[lbo-talk] Bartels: Bitter = Frank Thesis = All Wrong

Michael Pollak mpollak at panix.com
Thu Apr 17 01:47:58 PDT 2008


[Or as he sums it up: social issues are the opiate of the elites.]

http://www.nytimes.com/2008/04/17/opinion/17bartels.html

The New York Times

April 17, 2008

Op-Ed Contributor

Whos Bitter Now?

By LARRY M. BARTELS

Princeton, N.J.

DURING Wednesday night's Democratic presidential debate in

Philadelphia, Barack Obama once more tried to explain what he meant

when he suggested earlier this month that small-town people of modest

means "cling to guns or religion or antipathy to people who aren't like

them" out of frustration with their place in a changing American

economy. Mr. Obama acknowledged that his wording offended some voters,

but he also reiterated his impression that "wedge issues take

prominence" when voters are frustrated by "difficult times."

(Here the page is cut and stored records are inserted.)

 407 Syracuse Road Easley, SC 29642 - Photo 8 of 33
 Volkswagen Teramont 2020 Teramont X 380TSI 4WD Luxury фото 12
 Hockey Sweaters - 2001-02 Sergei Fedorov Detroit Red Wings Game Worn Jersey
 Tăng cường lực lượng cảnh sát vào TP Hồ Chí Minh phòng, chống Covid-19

Last week in Terre Haute, Ind., Mr. Obama explained that the people he

had in mind "don't vote on economic issues, because they don't expect

anybody's going to help them." He added: "So people end up, you know,

voting on issues like guns, and are they going to have the right to

bear arms. They vote on issues like gay marriage. And they take refuge

in their faith and their community and their families and things they

can count on. But they don't believe they can count on Washington."

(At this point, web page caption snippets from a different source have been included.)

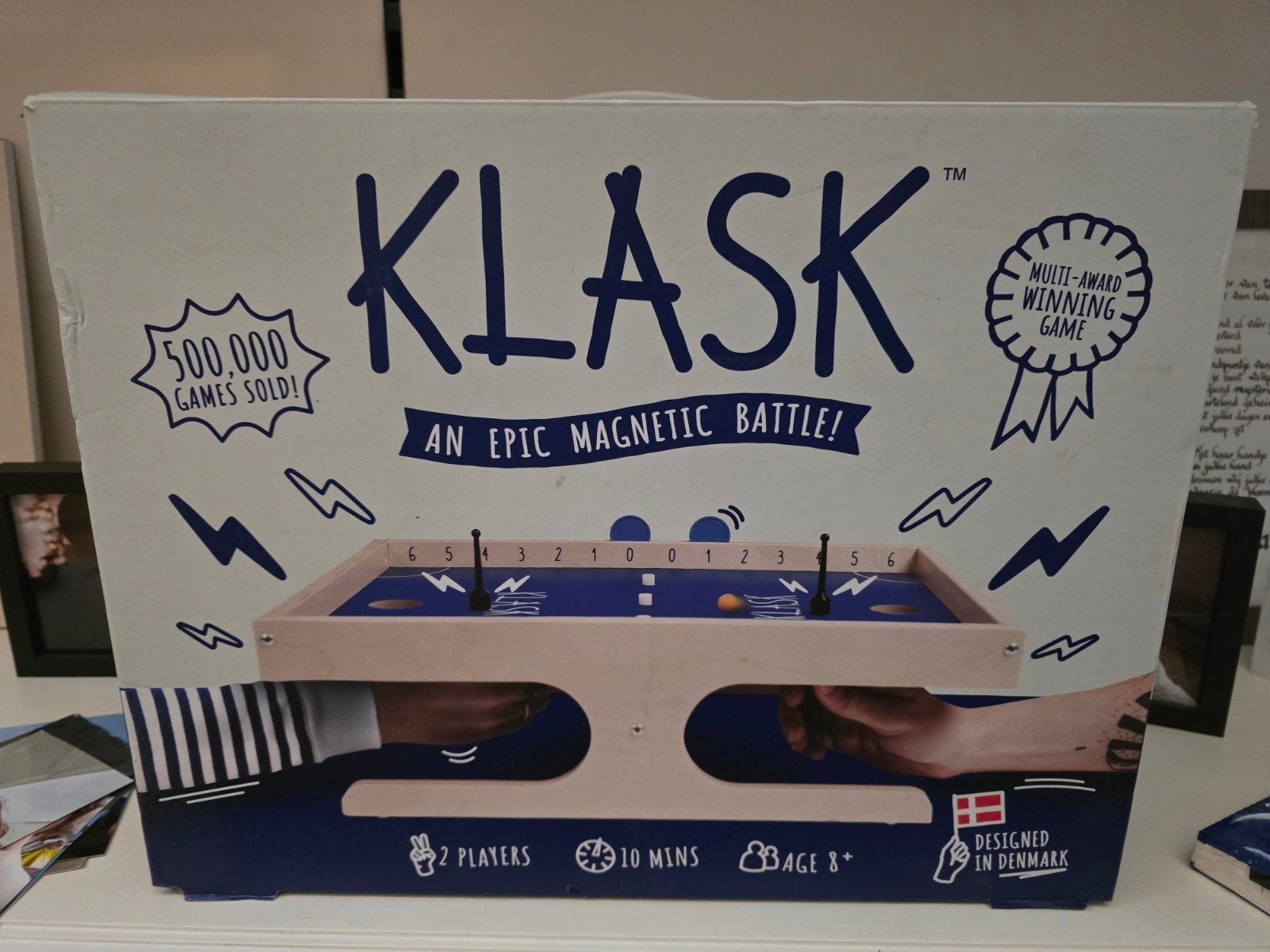 KLASK, Ophalen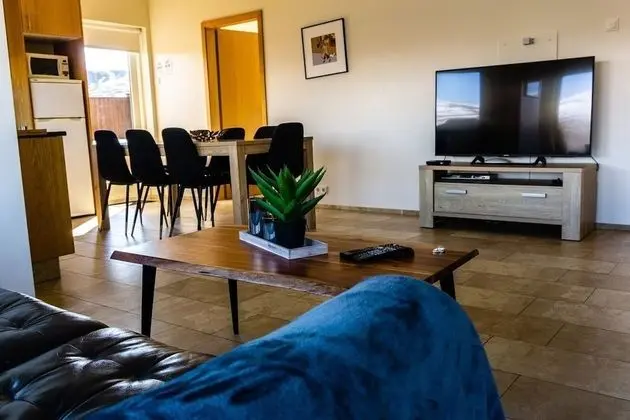 Ev, 3 Yatak Odası, Sıcak Su Havuzu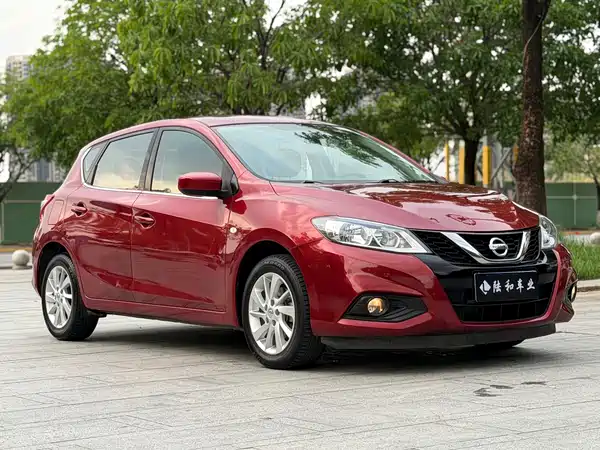 Nissan Tiida 2016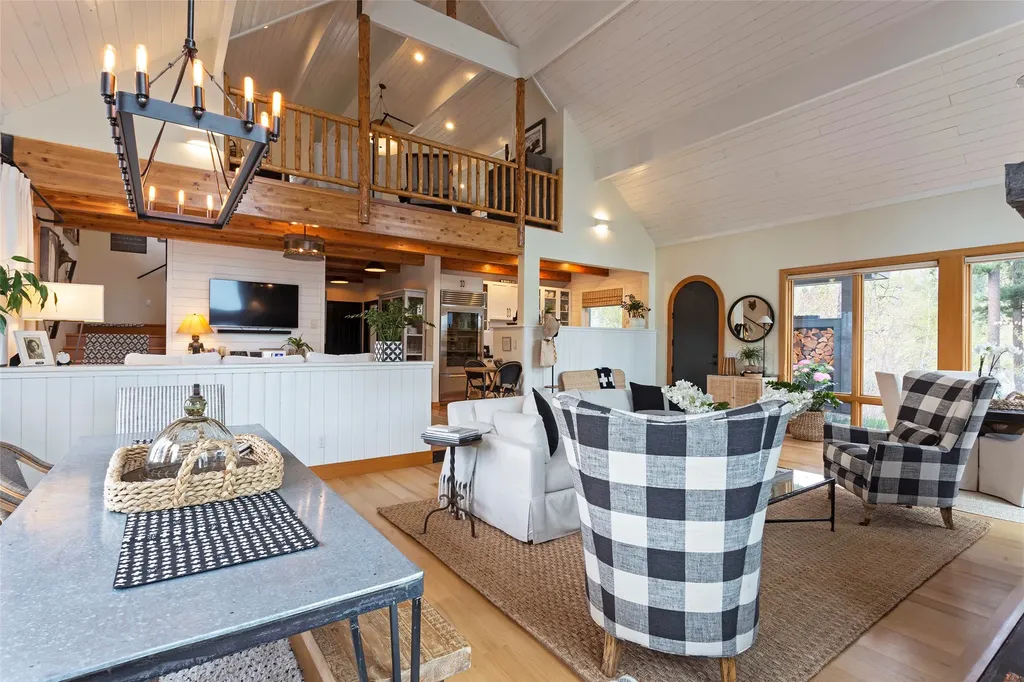 14833 Sunburst Drive Bigfork MT 59911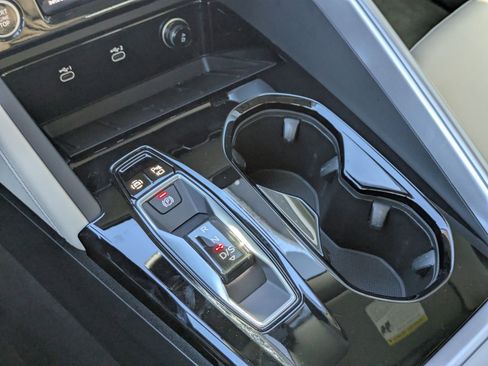 Certified 2025 Audi Q5 Premium Plus w/ Premium Plus AWD/4WD image 20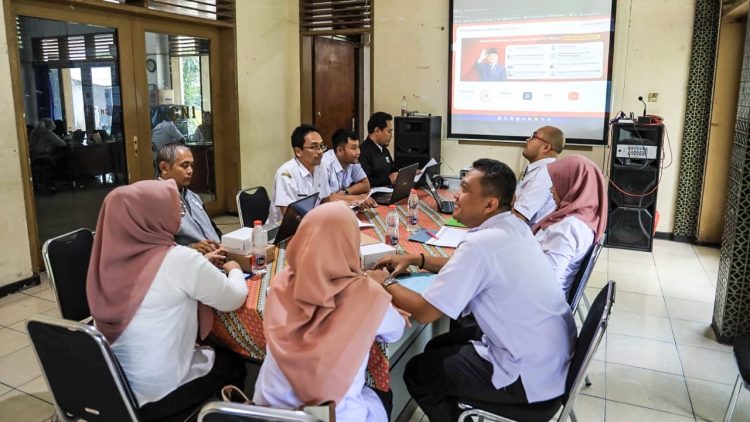Ukur Capaian Implementasi Reformasi Birokrasi, Pemkot Kediri Gelar Desk Evaluasi Triwulan IV. Foto : Dok. Pemkot Kediri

This is a remarkably detailed and vivid account of the political

sociology of the American electorate. What is even more remarkable is

that it is wrong on virtually every count.

Small-town people of modest means and limited education are not fixated

on cultural issues. Rather, it is affluent, college-educated people

living in cities and suburbs who are most exercised by guns and

religion. In contemporary American politics, social issues are the

opiate of the elites.

For the sake of concreteness, let's define the people Mr. Obama had in

mind as people whose family incomes are less than $60,000 (an amount

that divides the electorate roughly in half), who do not have college

degrees and who live in small towns or rural areas. For the sake of

convenience, let's call these people the small-town working class,

though that term is inevitably imprecise. In 2004, they were about 18

percent of the population and about 16 percent of voters.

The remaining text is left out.